**DESCRIPTION OF THE TASK**
The output is the lines below from the one with "Missoni, Women's Vintage" through the one with "リブ編み暖か裏起毛ストレッチトップスsdpaljr001", both included, printed exactly and with no other line.

DATA EXTRACTS START

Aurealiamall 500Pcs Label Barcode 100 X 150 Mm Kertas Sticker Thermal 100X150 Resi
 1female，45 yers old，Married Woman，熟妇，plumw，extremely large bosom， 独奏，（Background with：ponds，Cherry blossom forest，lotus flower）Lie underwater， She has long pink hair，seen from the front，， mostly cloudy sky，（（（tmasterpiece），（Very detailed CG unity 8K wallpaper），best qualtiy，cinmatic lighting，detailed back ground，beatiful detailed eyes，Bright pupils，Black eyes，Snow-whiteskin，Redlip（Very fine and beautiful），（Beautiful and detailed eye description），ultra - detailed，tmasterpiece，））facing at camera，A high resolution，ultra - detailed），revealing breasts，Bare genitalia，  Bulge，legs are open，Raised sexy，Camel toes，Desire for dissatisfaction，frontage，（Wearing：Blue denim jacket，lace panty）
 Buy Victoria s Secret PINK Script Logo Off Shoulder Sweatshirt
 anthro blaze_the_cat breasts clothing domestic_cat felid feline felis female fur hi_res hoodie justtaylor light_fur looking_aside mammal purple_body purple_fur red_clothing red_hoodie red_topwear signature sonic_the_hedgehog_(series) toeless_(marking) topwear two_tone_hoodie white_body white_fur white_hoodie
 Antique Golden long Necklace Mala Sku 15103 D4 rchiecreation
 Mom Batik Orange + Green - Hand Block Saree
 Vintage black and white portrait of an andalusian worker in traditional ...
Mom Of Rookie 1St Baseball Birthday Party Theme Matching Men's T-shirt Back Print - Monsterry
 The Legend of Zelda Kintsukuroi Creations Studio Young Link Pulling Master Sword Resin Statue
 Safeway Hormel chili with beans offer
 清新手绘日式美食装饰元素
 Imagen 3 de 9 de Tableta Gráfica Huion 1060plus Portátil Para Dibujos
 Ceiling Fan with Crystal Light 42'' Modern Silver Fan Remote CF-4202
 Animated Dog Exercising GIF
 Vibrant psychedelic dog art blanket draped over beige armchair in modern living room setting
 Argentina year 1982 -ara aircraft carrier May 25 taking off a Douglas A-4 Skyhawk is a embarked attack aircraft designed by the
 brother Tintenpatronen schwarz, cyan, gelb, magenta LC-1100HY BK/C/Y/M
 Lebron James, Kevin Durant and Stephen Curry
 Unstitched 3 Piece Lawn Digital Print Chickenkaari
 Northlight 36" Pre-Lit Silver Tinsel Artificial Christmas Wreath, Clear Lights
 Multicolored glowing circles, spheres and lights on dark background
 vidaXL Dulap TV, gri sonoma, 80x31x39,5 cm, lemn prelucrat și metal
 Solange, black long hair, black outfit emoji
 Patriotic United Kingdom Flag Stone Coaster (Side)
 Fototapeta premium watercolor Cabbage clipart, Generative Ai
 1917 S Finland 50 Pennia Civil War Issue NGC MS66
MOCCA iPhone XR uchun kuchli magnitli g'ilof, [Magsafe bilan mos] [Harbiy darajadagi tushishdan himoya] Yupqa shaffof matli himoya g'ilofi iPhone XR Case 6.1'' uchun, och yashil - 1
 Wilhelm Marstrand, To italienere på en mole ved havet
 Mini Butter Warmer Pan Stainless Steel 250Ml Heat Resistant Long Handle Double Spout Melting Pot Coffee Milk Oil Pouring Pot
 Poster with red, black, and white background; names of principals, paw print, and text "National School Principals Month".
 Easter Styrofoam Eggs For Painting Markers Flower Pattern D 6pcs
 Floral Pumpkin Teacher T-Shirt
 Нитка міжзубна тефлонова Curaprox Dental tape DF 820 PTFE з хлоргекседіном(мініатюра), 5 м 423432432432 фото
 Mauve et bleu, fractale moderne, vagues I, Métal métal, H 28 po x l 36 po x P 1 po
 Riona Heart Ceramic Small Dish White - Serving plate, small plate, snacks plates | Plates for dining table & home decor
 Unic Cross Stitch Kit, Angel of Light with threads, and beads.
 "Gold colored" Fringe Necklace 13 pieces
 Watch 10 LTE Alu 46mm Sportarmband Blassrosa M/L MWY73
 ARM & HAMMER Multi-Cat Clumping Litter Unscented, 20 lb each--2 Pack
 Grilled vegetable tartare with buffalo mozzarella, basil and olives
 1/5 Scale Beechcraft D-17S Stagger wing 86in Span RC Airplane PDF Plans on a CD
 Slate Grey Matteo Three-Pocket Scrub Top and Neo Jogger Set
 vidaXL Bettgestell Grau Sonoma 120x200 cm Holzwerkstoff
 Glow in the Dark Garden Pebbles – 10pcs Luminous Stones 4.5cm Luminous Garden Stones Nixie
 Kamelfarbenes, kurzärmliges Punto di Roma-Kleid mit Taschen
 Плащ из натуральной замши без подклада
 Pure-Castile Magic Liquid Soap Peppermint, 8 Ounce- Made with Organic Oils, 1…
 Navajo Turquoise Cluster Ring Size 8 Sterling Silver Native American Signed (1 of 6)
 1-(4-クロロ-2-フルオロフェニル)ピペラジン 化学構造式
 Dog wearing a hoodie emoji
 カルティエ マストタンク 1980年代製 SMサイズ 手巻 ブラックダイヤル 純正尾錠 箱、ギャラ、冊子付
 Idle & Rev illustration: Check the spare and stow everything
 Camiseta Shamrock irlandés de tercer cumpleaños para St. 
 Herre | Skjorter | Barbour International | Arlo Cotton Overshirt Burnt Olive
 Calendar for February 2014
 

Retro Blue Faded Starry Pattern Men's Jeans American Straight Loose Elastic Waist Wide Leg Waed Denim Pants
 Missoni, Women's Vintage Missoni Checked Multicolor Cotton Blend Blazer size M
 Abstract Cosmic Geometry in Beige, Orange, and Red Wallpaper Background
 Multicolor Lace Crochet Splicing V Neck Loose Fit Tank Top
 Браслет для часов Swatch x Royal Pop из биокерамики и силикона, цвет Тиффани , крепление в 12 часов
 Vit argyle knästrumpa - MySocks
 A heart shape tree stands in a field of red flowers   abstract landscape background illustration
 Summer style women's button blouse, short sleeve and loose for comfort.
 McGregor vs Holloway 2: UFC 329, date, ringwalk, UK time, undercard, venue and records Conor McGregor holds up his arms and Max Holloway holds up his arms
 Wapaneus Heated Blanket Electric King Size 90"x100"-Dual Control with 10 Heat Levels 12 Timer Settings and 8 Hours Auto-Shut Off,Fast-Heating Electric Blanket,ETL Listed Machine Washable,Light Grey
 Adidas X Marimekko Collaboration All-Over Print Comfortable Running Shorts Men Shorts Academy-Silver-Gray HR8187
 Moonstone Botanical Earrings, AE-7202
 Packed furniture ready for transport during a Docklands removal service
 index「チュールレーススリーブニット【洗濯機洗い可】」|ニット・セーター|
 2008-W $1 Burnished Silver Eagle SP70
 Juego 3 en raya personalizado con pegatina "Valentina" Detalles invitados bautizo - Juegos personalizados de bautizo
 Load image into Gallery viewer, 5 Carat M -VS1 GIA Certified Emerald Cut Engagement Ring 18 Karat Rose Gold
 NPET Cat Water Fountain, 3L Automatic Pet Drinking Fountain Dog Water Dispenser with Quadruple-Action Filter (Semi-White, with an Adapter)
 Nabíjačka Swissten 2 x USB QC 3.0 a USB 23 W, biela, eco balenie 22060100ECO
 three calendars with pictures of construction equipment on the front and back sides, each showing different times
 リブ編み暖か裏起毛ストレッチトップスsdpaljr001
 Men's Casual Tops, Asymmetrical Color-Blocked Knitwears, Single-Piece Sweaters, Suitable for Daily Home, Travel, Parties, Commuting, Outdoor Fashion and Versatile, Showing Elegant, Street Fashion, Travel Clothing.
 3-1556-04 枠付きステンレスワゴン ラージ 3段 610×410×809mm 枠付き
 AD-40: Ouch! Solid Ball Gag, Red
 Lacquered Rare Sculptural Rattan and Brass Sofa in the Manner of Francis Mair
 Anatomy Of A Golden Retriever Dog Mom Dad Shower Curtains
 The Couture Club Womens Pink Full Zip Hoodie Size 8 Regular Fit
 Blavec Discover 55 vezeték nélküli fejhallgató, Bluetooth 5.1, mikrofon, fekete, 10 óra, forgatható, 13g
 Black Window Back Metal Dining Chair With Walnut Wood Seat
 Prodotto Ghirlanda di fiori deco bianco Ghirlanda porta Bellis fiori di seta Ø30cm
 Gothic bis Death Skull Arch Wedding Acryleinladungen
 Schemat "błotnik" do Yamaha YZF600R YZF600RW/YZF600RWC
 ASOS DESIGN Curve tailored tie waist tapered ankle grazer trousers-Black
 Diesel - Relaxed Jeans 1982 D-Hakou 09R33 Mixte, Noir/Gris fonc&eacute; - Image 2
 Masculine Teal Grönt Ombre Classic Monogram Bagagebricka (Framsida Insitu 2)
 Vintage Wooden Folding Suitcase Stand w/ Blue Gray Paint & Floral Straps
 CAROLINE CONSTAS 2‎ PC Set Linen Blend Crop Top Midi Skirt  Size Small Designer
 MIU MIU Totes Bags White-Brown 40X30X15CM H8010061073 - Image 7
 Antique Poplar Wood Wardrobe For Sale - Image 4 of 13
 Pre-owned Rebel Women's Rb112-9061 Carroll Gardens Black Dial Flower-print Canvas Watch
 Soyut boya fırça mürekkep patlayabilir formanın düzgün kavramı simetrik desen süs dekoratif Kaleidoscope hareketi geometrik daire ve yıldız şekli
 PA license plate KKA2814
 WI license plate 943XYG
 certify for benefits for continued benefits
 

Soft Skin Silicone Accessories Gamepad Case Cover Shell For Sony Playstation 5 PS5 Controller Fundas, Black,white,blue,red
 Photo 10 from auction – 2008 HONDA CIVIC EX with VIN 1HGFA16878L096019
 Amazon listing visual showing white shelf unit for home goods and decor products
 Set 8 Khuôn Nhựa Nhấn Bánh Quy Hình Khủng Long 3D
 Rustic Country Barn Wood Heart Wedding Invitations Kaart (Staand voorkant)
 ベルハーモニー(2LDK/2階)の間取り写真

DATA EXTRACTS END

**COMPLETED TASK**
 Missoni, Women's Vintage Missoni Checked Multicolor Cotton Blend Blazer size M
 Abstract Cosmic Geometry in Beige, Orange, and Red Wallpaper Background
 Multicolor Lace Crochet Splicing V Neck Loose Fit Tank Top
 Браслет для часов Swatch x Royal Pop из биокерамики и силикона, цвет Тиффани , крепление в 12 часов
 Vit argyle knästrumpa - MySocks
 A heart shape tree stands in a field of red flowers   abstract landscape background illustration
 Summer style women's button blouse, short sleeve and loose for comfort.
 McGregor vs Holloway 2: UFC 329, date, ringwalk, UK time, undercard, venue and records Conor McGregor holds up his arms and Max Holloway holds up his arms
 Wapaneus Heated Blanket Electric King Size 90"x100"-Dual Control with 10 Heat Levels 12 Timer Settings and 8 Hours Auto-Shut Off,Fast-Heating Electric Blanket,ETL Listed Machine Washable,Light Grey
 Adidas X Marimekko Collaboration All-Over Print Comfortable Running Shorts Men Shorts Academy-Silver-Gray HR8187
 Moonstone Botanical Earrings, AE-7202
 Packed furniture ready for transport during a Docklands removal service
 index「チュールレーススリーブニット【洗濯機洗い可】」|ニット・セーター|
 2008-W $1 Burnished Silver Eagle SP70
 Juego 3 en raya personalizado con pegatina "Valentina" Detalles invitados bautizo - Juegos personalizados de bautizo
 Load image into Gallery viewer, 5 Carat M -VS1 GIA Certified Emerald Cut Engagement Ring 18 Karat Rose Gold
 NPET Cat Water Fountain, 3L Automatic Pet Drinking Fountain Dog Water Dispenser with Quadruple-Action Filter (Semi-White, with an Adapter)
 Nabíjačka Swissten 2 x USB QC 3.0 a USB 23 W, biela, eco balenie 22060100ECO
 three calendars with pictures of construction equipment on the front and back sides, each showing different times
 リブ編み暖か裏起毛ストレッチトップスsdpaljr001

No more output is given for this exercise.